Ronald Hanson (1976) is Distinguished Professor at Delft University of Technology and principal investigator at QuTech. He is one of the four founding professors of QuTech (2014), serving as its Scientific Director in 2016-2020. Ronald was the main driving force in establishing the 7-year, 615MEuro national program Quantum Delta NL, leading the team in the run-up phase and serving as the first chairman of its Executive Board (2021-2023).
Ronald’s research centers on exploring and controlling quantum-entangled states with the long-term goal of exploiting these in future quantum technologies such as quantum computing and quantum internet. His work combines quantum optics, solid-state physics, nuclear magnetic resonance, quantum information theory and nanofabrication. In 2014 his group made headlines by teleporting quantum data between electrons on distant solid-state chips. In 2015 he ended a decades-long scientific quest by performing the first loophole-free Bell test. In 2018 his group achieved the important milestone of generating quantum entanglement faster than it got lost. In 2021 his team realized the world’s first multi-node entanglement-based quantum network in the lab. In the coming years he aims to build on these results to demonstrate the fundamentals of a future quantum internet on the road towards large-scale deployment.

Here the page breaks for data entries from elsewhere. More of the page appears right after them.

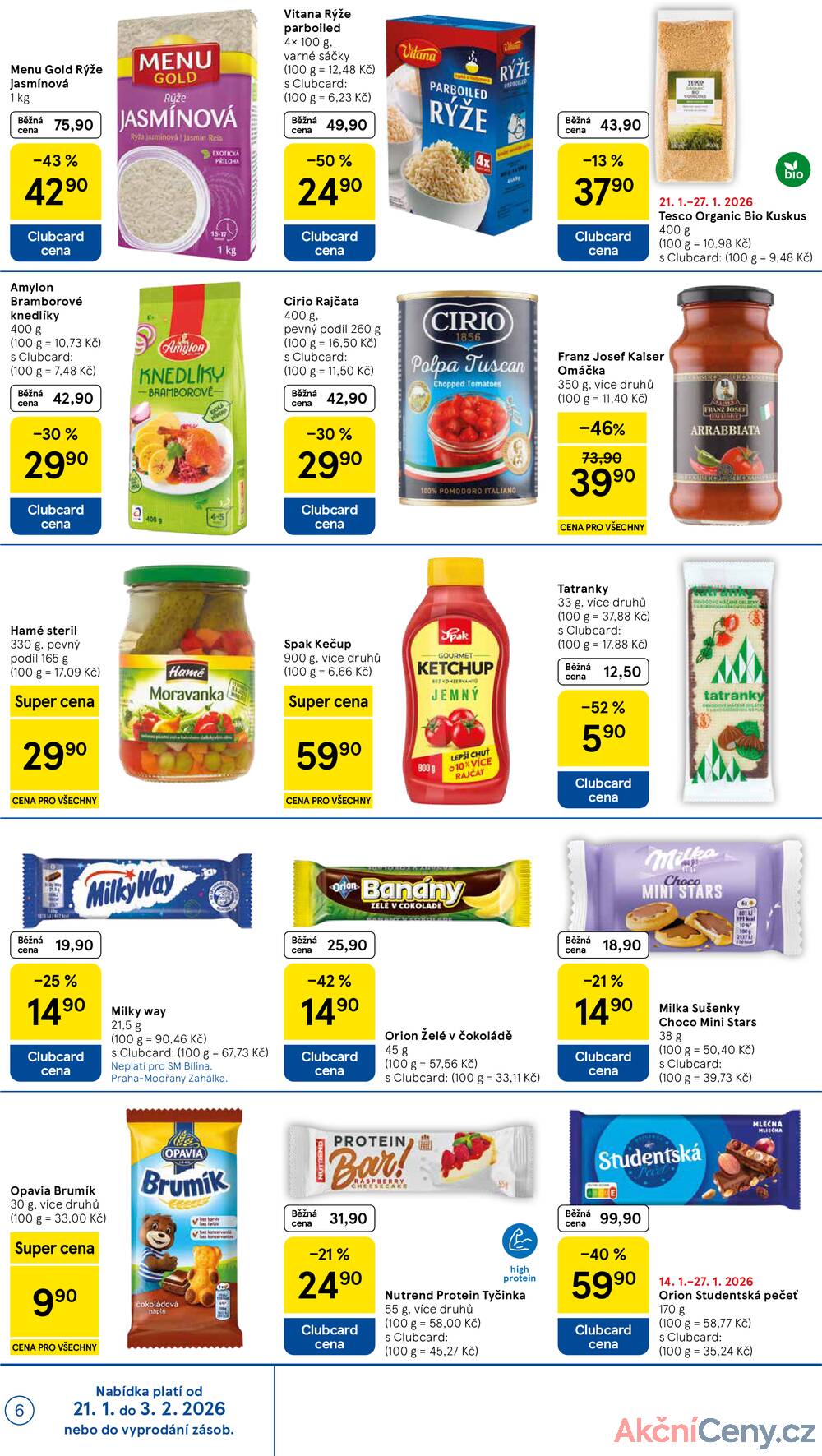 Tesco supermarkety od 21.1. do 27.1.2026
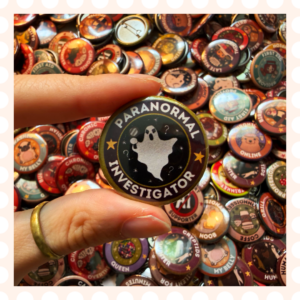 Przypinka 32 mm Paranormal Investigator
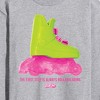 Men's - Barbie - Rollerblading Barbie the Movie Long Sleeve Graphic T-Shirt - 2 of 4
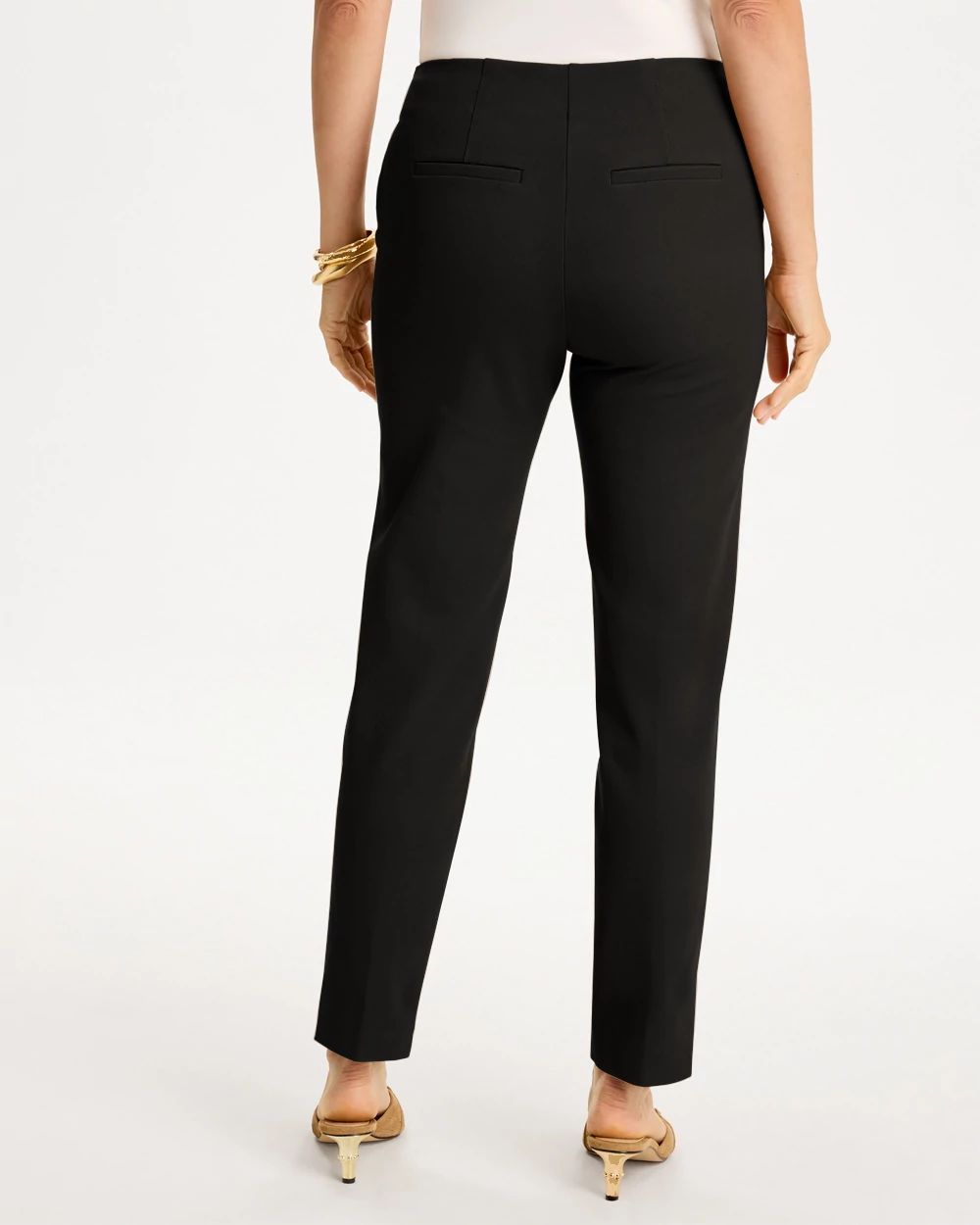Soft-Stretch Twill Hollywood Waist Pants click to view larger image.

Ronald has received several awards for his work, among which the Nicholas Kurti European Science Prize (2012), the Huibregtsen Award for Excellence in Science and Society (2016), the John Stewart Bell Prize (2017) and the Physica Prize (2022). In 2019 he received the Spinoza Prize, the highest scientific award in the Netherlands. He was elected as member of the Royal Holland Society of Sciences and Humanities (KHMW) and of the Dutch Royal Academy of Sciences (KNAW), and as Fellow of the American Physical Society. In 2020 he was appointed as the university’s 6th Distinguished Professor.